In some embodiments, the light bead further includes an encapsulation layer, the encapsulation layer being disposed on the side of the color filter layer facing away from the light-emitting chip. The buffer portion is disposed on the side of the encapsulation layer facing away from the center of the light bead main body.

The present application also discloses a light plate applied to a display panel. The light plate includes a bottom plate, a magnetic attraction layer, a planarization layer, a power supply layer, and a plurality of the above-mentioned light beads. The magnetic attraction layer is disposed on the bottom plate. The planarization layer is disposed on the magnetic attraction layer. A plurality of mounting slots are formed on the planarization layer and the magnetic attraction layer. The power supply layer is disposed at a bottom of each of the mounting slots. The light bead is installed in the mounting slot. When the light bead is installed onto the mounting slot, the power supply layer provides power to the light bead.

In some embodiments, the light plate further includes a sealant frame, which is disposed on the bottom plate and located around the periphery of the bottom plate.

The present application also discloses a display device, including a display panel and a driving circuit. The display panel includes the light plate as described above. The driving circuit is configured to drive the display panel.

The light bead of the present application provides a buffer portion, which offers resistance to the light bead during its downward falling process, thereby increasing the stability of the light bead during mass transfer, better resisting external disturbances during the mass transfer process, preventing rotation or flipping of the light bead during falling that would affect the installation accuracy, achieving precise positioning of the light bead during mass transfer, and improving the efficiency of mass transfer.

100 110 111 120 130 140 150 160 170 171 172 173 180 200 210 220 230 231 240 250 261 262 263 264 265 300 400 500 In the drawings:, light bead;, light bead main body;, counterweight portion;, buffer portion;, mating portion;, electrode layer;, grounding pillar;, light-emitting chip;, color filter layer;, first color region;, second color region;, third color region;, encapsulation layer;, light plate;, bottom plate;, magnetic attraction layer;, planarization layer;, mounting slot;, power supply layer;, sealant frame;, lower diffusion layer;, lower prism layer;, upper prism layer;, upper diffusion layer;, glass substrate;, display panel;, driving circuit;, display device.

It should be understood that the terms used herein, the specific structures and functional details disclosed therein are merely representative for describing some specific embodiments, but the present application can be implemented in many alternative forms and should not be construed as being limited to only these embodiments described herein.

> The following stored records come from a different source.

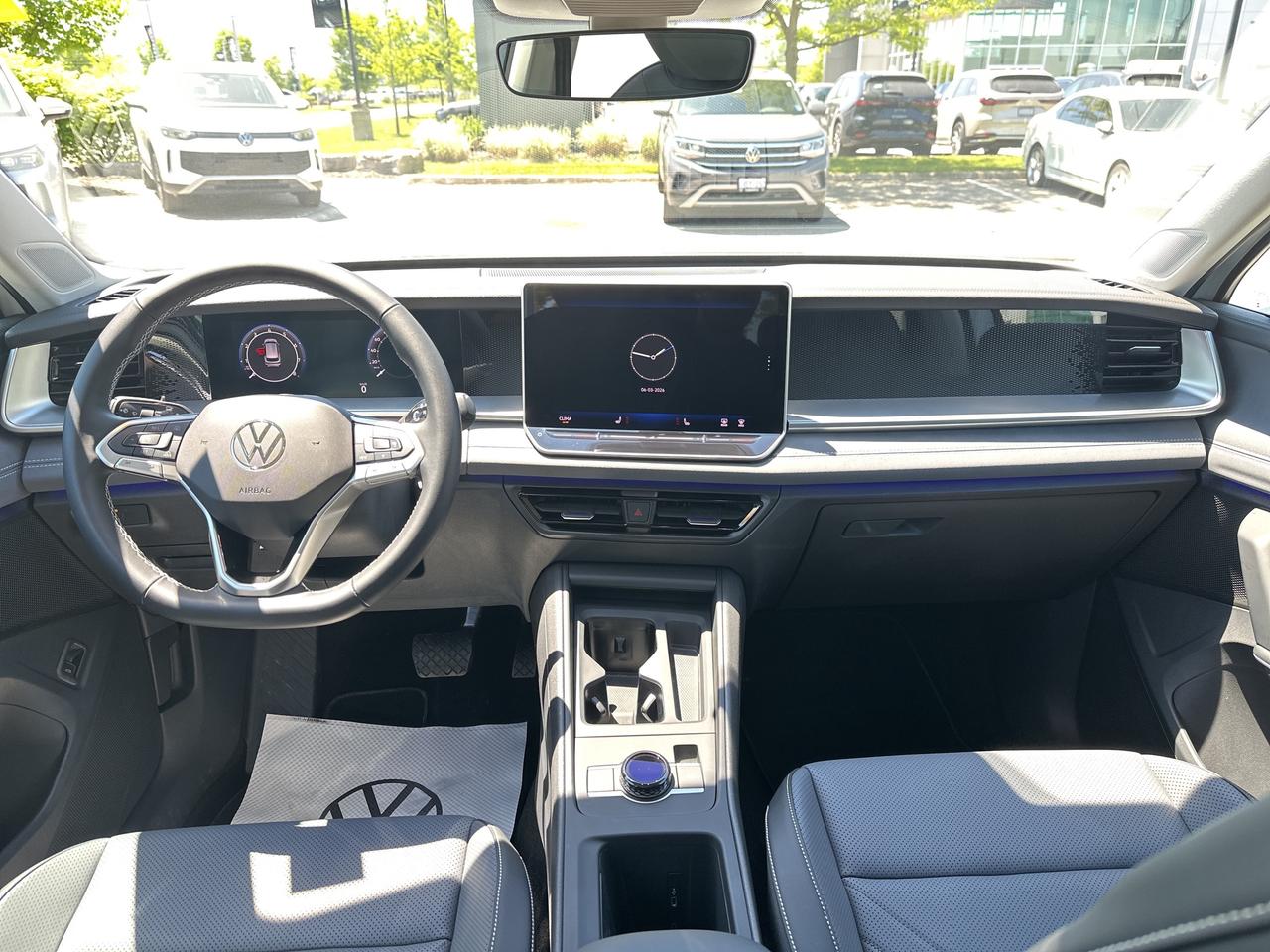 2025 Volkswagen Tiguan COMFORTLINE 4Motion Photo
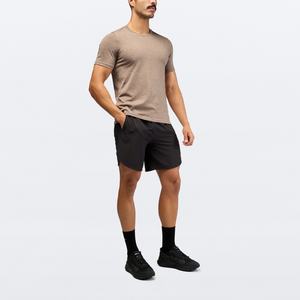 Camisetas Personalizadas con Logotipo, Camisetas Deportivas para Hombre con Etiqueta, Camisetas sin Costuras para Gimnasio y Entrenamiento - Product Image 4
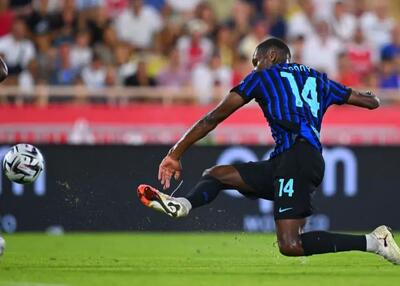 خبر بد برای کیوو: مهاجم اینتر مصدوم شد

As used herein, terms “first”, “second”, or the like are merely used for illustrative purposes, and shall not be construed as indicating relative importance or implicitly indicating the number of technical features specified. Thus, unless otherwise specified, the features defined by “first” and “second” may explicitly or implicitly include one or more of such features. Terms “multiple”, “a plurality of”, and the like mean two or more. Terms “comprise”, “comprising”, “includes”, “including”, and any variations thereof are intended to be non-exclusive, and one or more other features, integers, steps, operations, units, components, and/or combinations thereof may be present or be added.

In addition, terms “center” “lateral”, “up”, “down”, “left”, “right”, “vertical”, and “horizontal”, “top”, “bottom”, “inside”, or the like are used to indicate orientational or relative positional relationships based on those illustrated in the drawings. They are merely intended for simplifying the description of the present disclosure, rather than indicating or implying that the device or element referred to must have a particular orientation or be constructed and operate in a particular orientation. Therefore, these terms are not to be construed as restricting the present disclosure.

In addition, unless otherwise clearly specified and defined, the terms “installed on”, “disposed on”, “arranged on”, and “connected to” should be understood in a broad sense. For example, it may be a fixed connection, a detachable connection, or an integral connection; it may be a mechanical connection or an electrical connection; it may be a direct connection or an indirect connection through an intermediate medium, or it may be internal communication between two elements. For those of ordinary skill in the art, the specific meanings of the above terms as used in the present application can be understood depending on specific contexts.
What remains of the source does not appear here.